このインタビューでも話したけれど、ツイッターやブログで自分がまさに「毎日やっている仕事」での気づきや考察を書くのは本当におすすめ。書いてみてはじめて自分が何を考えてたり、知っているのか分かるし、そこに読んでくれた人からフィードバックもらえると、さらに嬉しいし記憶にも残る。それは、自分だけの「知のデータベース」と言えるものなっていく。

どんな仕事や職種にも必ず奥深く面白い要素があるし、それを人に届くようにちょっと工夫して「言語化」することで、自分って面白いことやってるかも、という気づきが必ずあるはず。そして、その「面白さ」はどこかで他の人にも届き始める。

一方で、ネットで何かを「発信し続ける」上で一つの壁になるのが、極端に冷笑的、批判的な人たちの存在。

冷笑的、批評的なポジションはネットでもリアルでも「最強」で、そこにいれば傷ついたら笑われたりしないし、しかも「頭がよく」見えたりする。

どんな主張でも、そこに論理的な穴や説明が不十分な部分を見つけることはできるので、冷笑家達は的確にここを突いてくる。
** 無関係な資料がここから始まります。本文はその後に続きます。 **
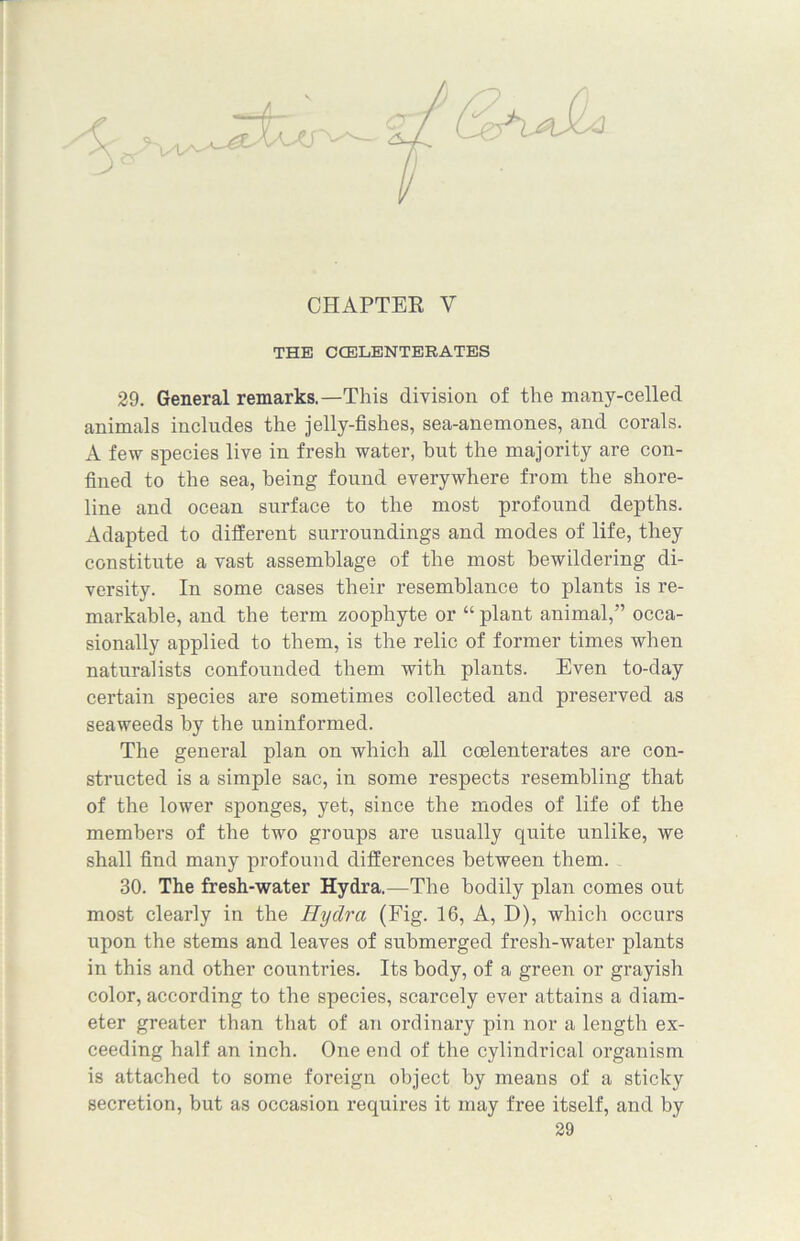CHAPTER V THE CCELENTERATES 29. General remarks.—This division of the many-celled animals includes the jelly-fishes, sea-anemones, and corals. A few species live in fresh water, but the majority are con- fined to the sea, being found everywhere from the shore- line and ocean surface to the most profound depths. Adapted to different surroundings and modes of life, they constitute a vast assemblage of the most bewildering di- versity. In some cases their resemblance to plants is re- markable, and the term zoophyte or “ plant animal,” occa- sionally applied to them, is the relic of former times when naturalists confounded them with plants. Even to-day certain species are sometimes collected and preserved as seaweeds by the uninformed. The general plan on which all coelenterates are con- structed is a simple sac, in some respects resembling that of the lower sponges, yet, since the modes of life of the members of the two groups are usually quite unlike, we shall find many profound differences between them. 30. The fresh-water Hydra.—The bodily plan comes out most clearly in the Hydra (Fig. 16, A, D), which occurs upon the stems and leaves of submerged fresh-water plants in this and other countries. Its body, of a green or grayish color, according to the species, scarcely ever attains a diam- eter greater than that of an ordinary pin nor a length ex- ceeding half an inch. One end of the cylindrical organism is attached to some foreign object by means of a sticky secretion, but as occasion requires it may free itself, and by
「それは特殊な事例に過ぎない」「こんな反例がある」「きちんと論証できていない」と。

もちろん、建設的な批評はきわめて重要だ。それによってある考えやアイディアは強くなっていく。けれど、残念ながら、誰かを「バカにする」こと、「からかう」こと、が本当の動機となっているタイプが存在するのも事実。

コツコツと発信を続けて、ある時うまく拡散されたとしても、こうした冷笑的な人に寄ってたかって批判されてそのまま発信を辞めてしまう人は案外多い。

組織を蝕む「冷笑家」たち

実はこれは組織でも同じで、特に、仕事の能力は高く声が大きい人が冷笑的だと組織に与える負の影響は甚大になる。

大多数のメンバーは、「場の空気」を読みながら自分の立ち位置を決めるので、仕事ができて影響力の大きい人が冷笑的だと、いつのまにか皆がその視点を受け入れていく。

結果としてそういう組織はマネジメントが機能しなくなる。例えば、うまくいっていない組織のチームミーティングに出席すると、かなりのケースでこういう「冷笑家」が会議の空気を支配していて、マネージャーは場をリードできずに何とも言えないムードが漂っている。

私の覚えている印象的な事例もそうだった。その組織のマネージャーは、中途ですぐそのポジションについたので、その領域の専門的な知識や経験は不足していて、また性格も優しかったので、強いリーダーシップで皆を引っ張るタイプではなかった。

そこに「付け込んだ」のが、組織に長くいて自分の知識や経験に自信を持っている「冷笑家」。彼は事あるごとにマネージャーの発言や判断を批判し、ネガティヴな空気を組織に広げ、その「場の空気」を常に「支配」していた。

結果として、多くのメンバーも、マネージャーに対して懐疑的な姿勢を取るようになった。必ずしも全員がこの「冷笑家」を100%支持していたわけではなかったが、「場の空気」の支配は強く、多くの人はそこに流されていく。数多くの論者が指摘しているように、「場の空気」が人々の行動を支配しがちな日本型の組織ではこの傾向はさらに強くなる。

こうなると組織のマネジメントは難しい。そういう冷笑的なタイプが仕事ができなければ、組織から外してしまうという選択肢が出てくるが、多くの場合そういうタイプは経験豊富で仕事の能力も高かったりするので、マネージャーも大胆なアクションを取りにくい。

唯一の解決策は、より上位のマネジメントがその課題を正しく理解して適切な対応を取ること。実際のこのケースでも、最終的には上位のマネジメントが介入し、それを不服としたこの「冷笑家」は自ら会社を去っていた。

 

このケースのように上位マネジメントが決然としたアクションを取れればよいけれど、そこにきちんと踏み込める人は案外少なく、結果として課題が放置されてしまっている組織は多い。この問題の影響は皆が思っているより深刻なので、マネジメントにおいては非常に重要なポイントといつも思っている。